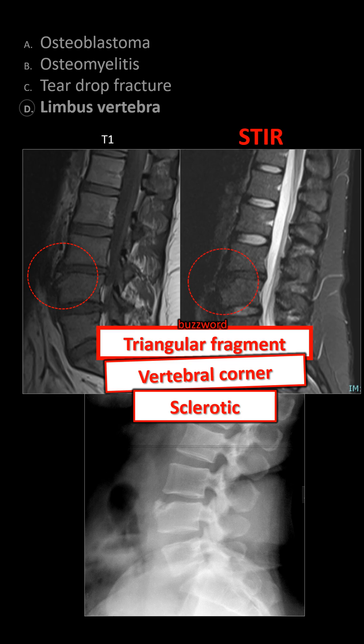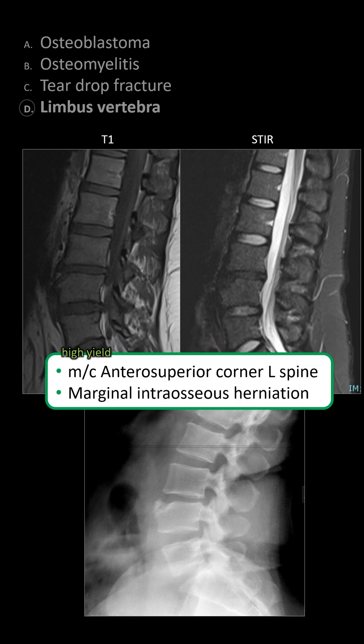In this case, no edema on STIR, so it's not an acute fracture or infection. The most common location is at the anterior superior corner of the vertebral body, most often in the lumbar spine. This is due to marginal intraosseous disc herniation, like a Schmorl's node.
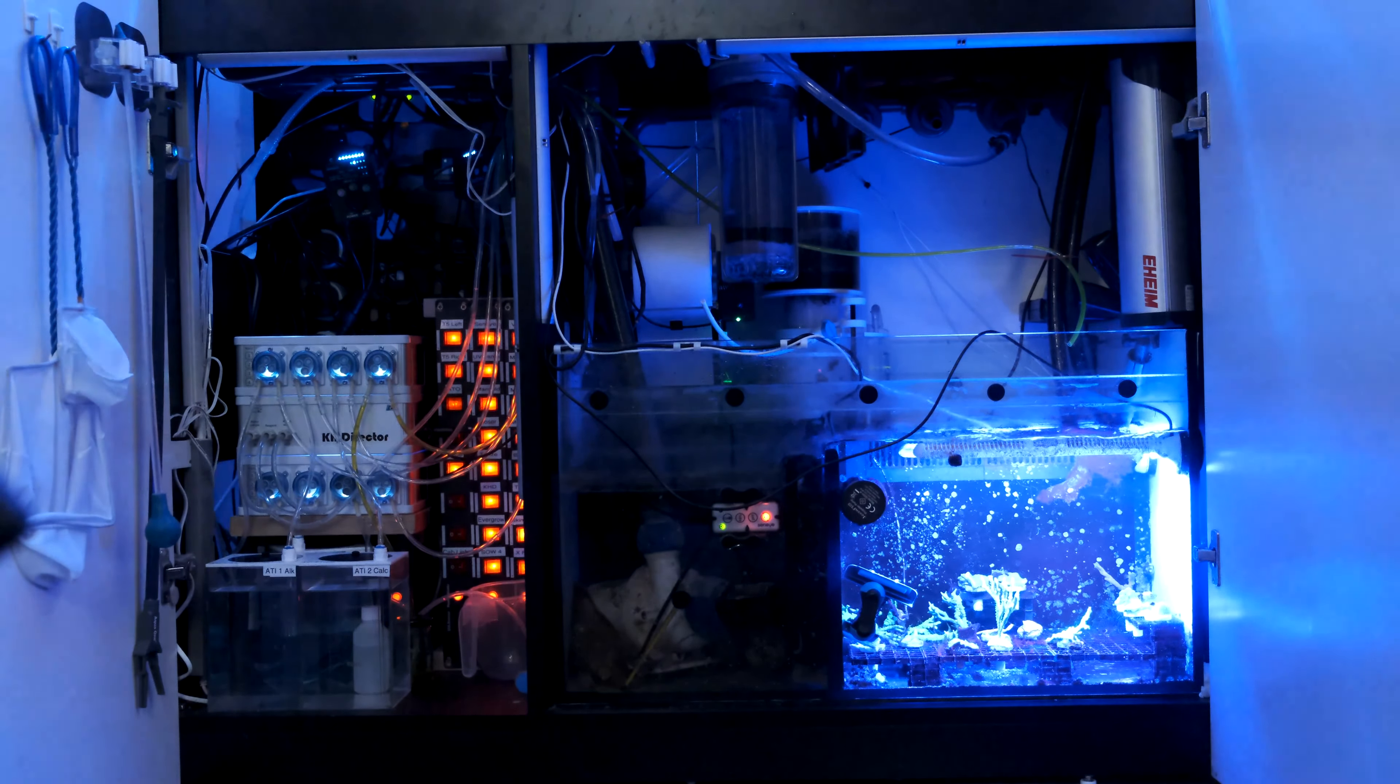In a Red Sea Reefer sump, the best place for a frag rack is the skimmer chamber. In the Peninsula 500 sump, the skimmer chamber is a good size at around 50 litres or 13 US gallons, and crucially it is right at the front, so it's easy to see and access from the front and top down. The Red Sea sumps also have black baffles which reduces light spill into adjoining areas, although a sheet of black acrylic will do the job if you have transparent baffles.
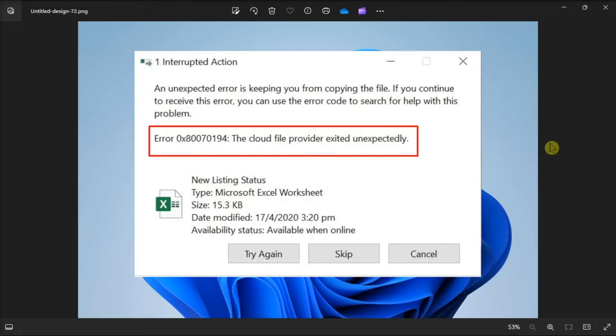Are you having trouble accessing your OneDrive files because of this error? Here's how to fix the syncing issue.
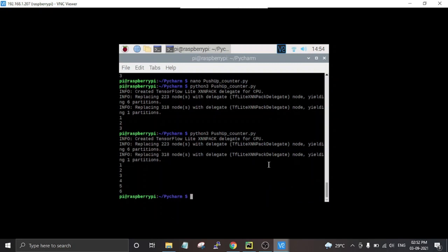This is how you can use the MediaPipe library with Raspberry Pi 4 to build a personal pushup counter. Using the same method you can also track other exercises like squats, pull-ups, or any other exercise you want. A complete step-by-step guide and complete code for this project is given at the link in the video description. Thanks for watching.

+===+

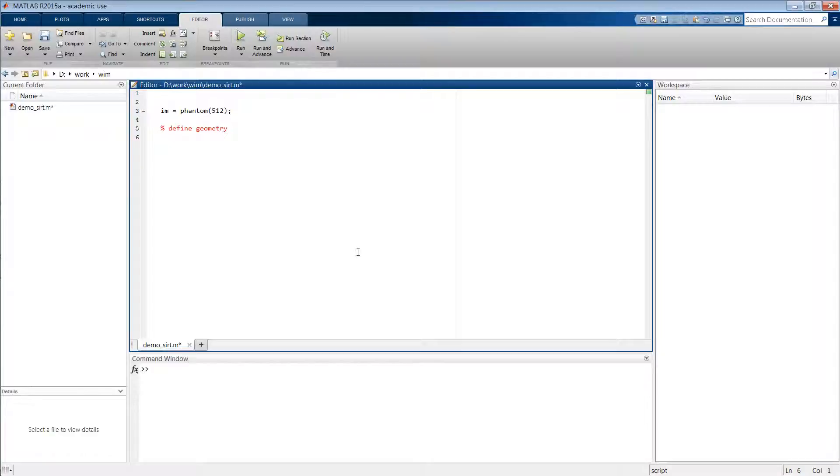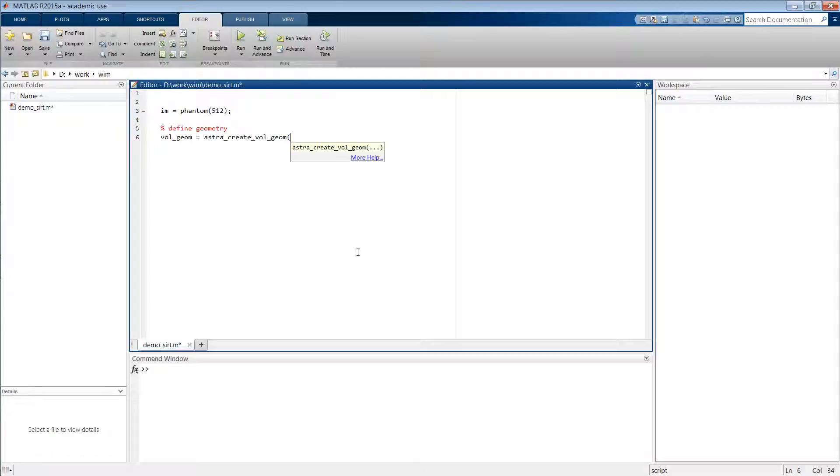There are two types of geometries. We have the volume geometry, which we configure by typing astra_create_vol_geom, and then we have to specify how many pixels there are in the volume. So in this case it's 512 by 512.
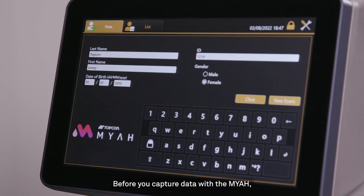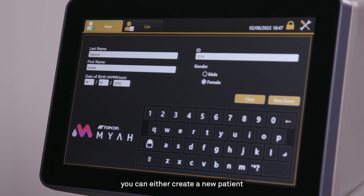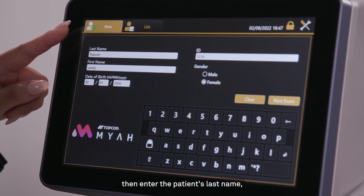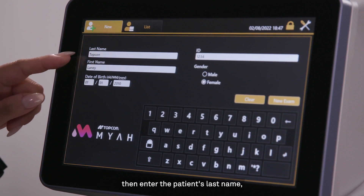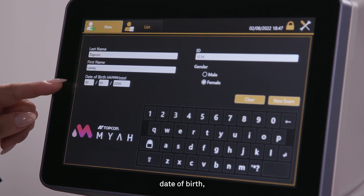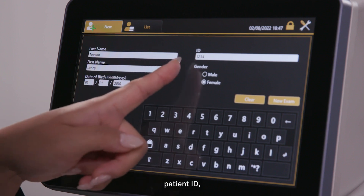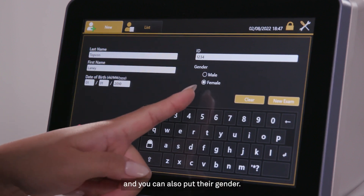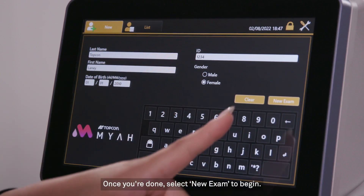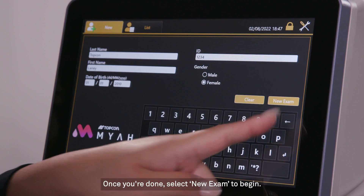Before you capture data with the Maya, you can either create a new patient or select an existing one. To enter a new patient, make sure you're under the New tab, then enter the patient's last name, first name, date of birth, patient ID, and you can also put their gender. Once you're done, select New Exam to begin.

+===+

In the data above, the stretch from the line with "In this case, no" through the line with "This is how" is to be returned exactly, minus any pictures.

In this case, no edema on STIR, so it's not an acute fracture or infection. The most common location is at the anterior superior corner of the vertebral body, most often in the lumbar spine. This is due to marginal intraosseous disc herniation, like a Schmorl's node.
In a Red Sea Reefer sump, the best place for a frag rack is the skimmer chamber. In the Peninsula 500 sump, the skimmer chamber is a good size at around 50 litres or 13 US gallons, and crucially it is right at the front, so it's easy to see and access from the front and top down. The Red Sea sumps also have black baffles which reduces light spill into adjoining areas, although a sheet of black acrylic will do the job if you have transparent baffles.
Are you having trouble accessing your OneDrive files because of this error? Here's how to fix the syncing issue.
This is how you can use the MediaPipe library with Raspberry Pi 4 to build a personal pushup counter. Using the same method you can also track other exercises like squats, pull-ups, or any other exercise you want. A complete step-by-step guide and complete code for this project is given at the link in the video description. Thanks for watching.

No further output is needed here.